Likewise, Dai suggest the abstract can perform this function.  The abstract is something that should be written ALL the time.   It reminds you of what you’re doing, how your ideas are changing. (I can’t help but think of this wonderful blog post every time I see “ALL”.)

The conclusion, on the other hand, is something that could be written at the beginning of the research (this might sound familiar for those who go hunting for funding) or that goes through the drafting and redrafting process closer to the end.  Dai’s very handy point about conclusions was how you could use them to capture new work in the field not captured in your literature review  or better methodological choices you only came to post data generation (i.e. “knowing what I do now, this is what I’d do differently” or “Future research could take in account…”)

The introduction has two diametrically opposed purposes (this blew my mind, I kind of knew it, but I didn’t realize it until Dai articulated it):

  1. A dry, factual overview of what the thesis will do. E.g. “In chapter 1, I ….” with around 3 sentences on each chapters; and
  2. A possibly very personal  account of why you are doing this research.

Dai’s most important parting message for me was never leave yourself with blank pages, ensure you have something you can work on and be ok with varying your tasks and working on other things.

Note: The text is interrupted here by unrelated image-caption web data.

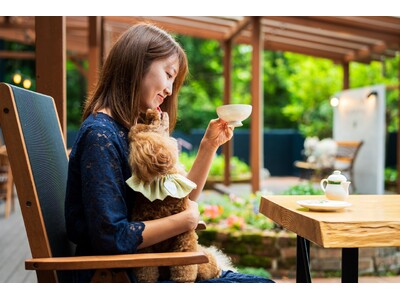 愛犬との別府旅がもっと便利に　カフェ＆屋内ドッグランの日帰り利用を開始｜2026年9月1日より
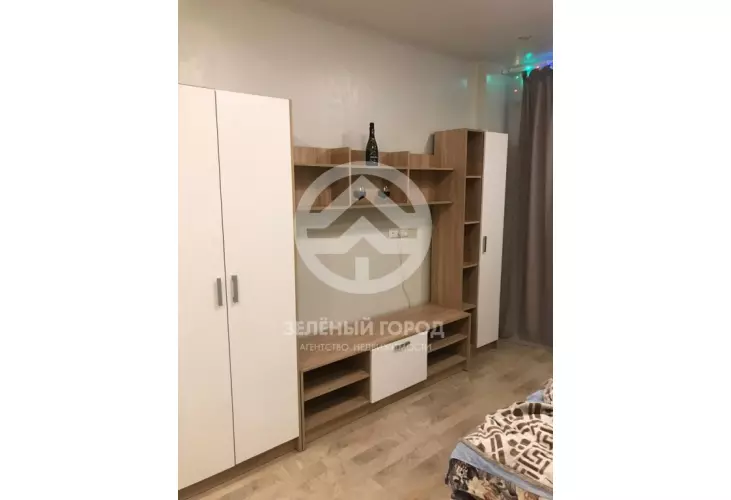 Аренда, студия, деревня Голубое, Сургутский проезд, д. 1, к. 3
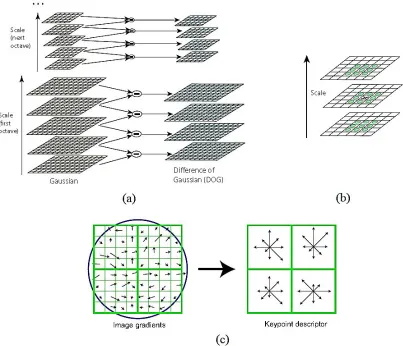 Fig. 3 (a) and (b) Process of detecting scale space extrema, (c) Process of generating key-point descriptor [18]  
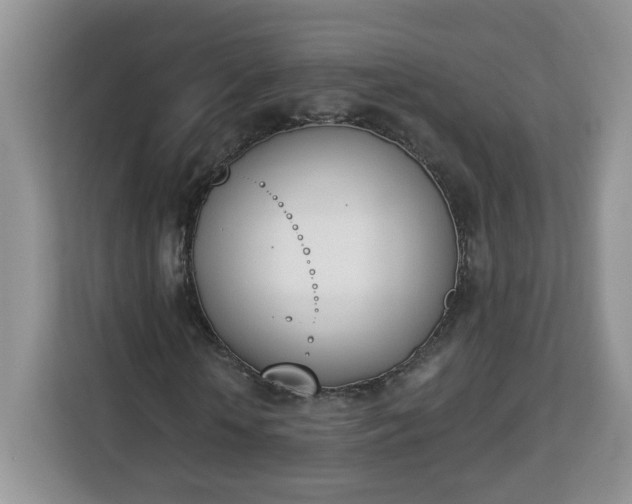 X0000112840818200908281550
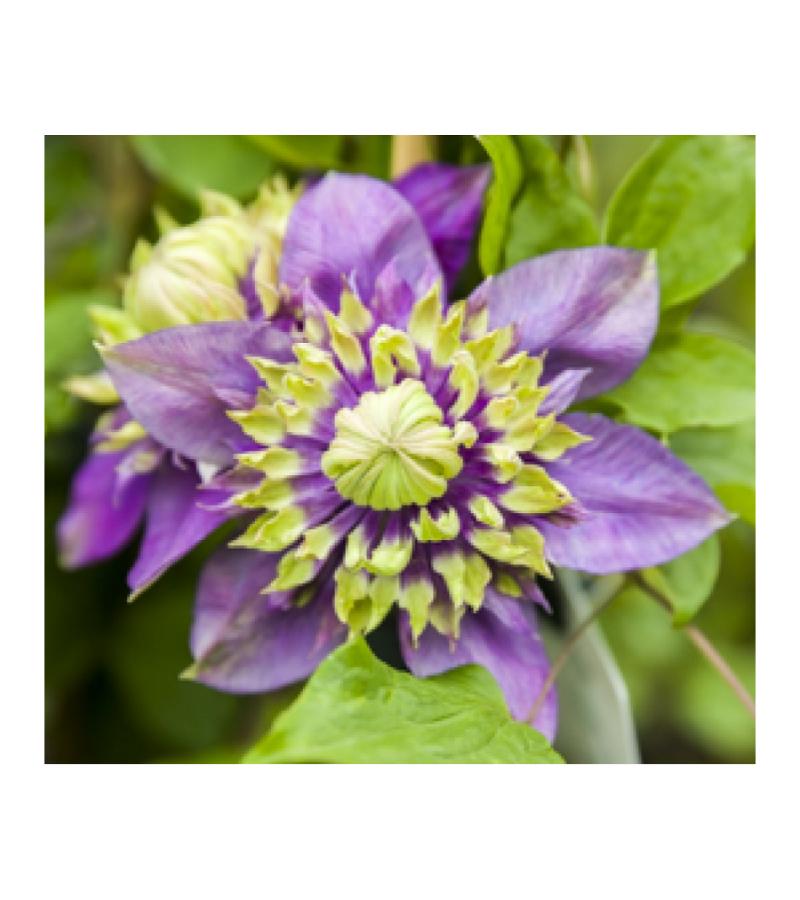 Kleinbloemige Clematis Florida Taiga PBR 75 cm klimplant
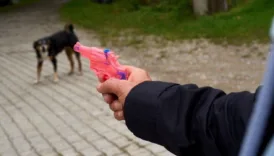 isvicreli siyasetciye su tabancasi cezasi PNCEMgAd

my hunterEverything these days is reminding me of World of Warcraft but this one particularly did.  I have multiple alts across multiple types of servers and I choose which one to play depending on what I am in the mood for and feel capable of doing.  Sometimes I am up for the challenge of dungeons in random groups, other times I want to quest alone without guild chatter or with guild chatter, sometimes I want to do profession/skill building, sometimes I feel like playing a particular class (I find hunters utterly calming but rogues super stressful).

And pushing the metaphor further, I realized different classes might just capture different PhD activities for me. The hunter seeks out resources, the shape shifting powers of the druid might capture the different forms of communication (presentations, meetings with supervisors), the slow cast of some mage spells is like reading, and a warrior is the rough and tough melee of trying to read critically.  Oh, and sometimes I need a paladin’s heal or maybe a priest’s absolution for the sin of procrastinating 🙂


About Clara O'Shea

I'm an Associate Lecturer at the University of Edinburgh. I teach on the MSc in Digital Education. I'm also doing a PhD on learning and becoming in collaborative digital environments.
This entry was posted in PhD Thoughts, Writing and tagged , . Bookmark the permalink.

6 Responses to Notes from a writing workshop

  1. Gina says:

    great Thanks Clara, very apt as in the middle of the summer academic writing course, will post your link on the Mooodle.

  2. Their tutor certainly does! Thanks Clara; this reinforces lots of things I’m saying and provides other things too!

    • Clara O'Shea says:

      A pleasure! I’d be quite interested to hear what the Writing School students think – it’d be good to get some tips from other writers! 🙂

  3. Keith O'Hare says:

    I love the idea of the audio recording Clara, I do that regularly on my mobile phone for all sorts of ideas. Also the concept of an introduction as a ‘dry’ account, but also a personal ‘why’ you are writing; reminds me of ‘dry’ objectives of a meeting, or class, and then the more personal objectives you may have too.
    One big thing I learned early on in Christine’s course was that writing is about the audience, but it is also about the writer. It’s important to be balancing both, together with the message, in your mind.

    • Clara O'Shea says:

      Indeed! And, in a way, being “about the writer” is important to in helping the audience understand the subjectivities the writer is bringing with them to their materials. So, it’s of value to the audience as an aspect of their critical reading, as well as their engagement with the piece.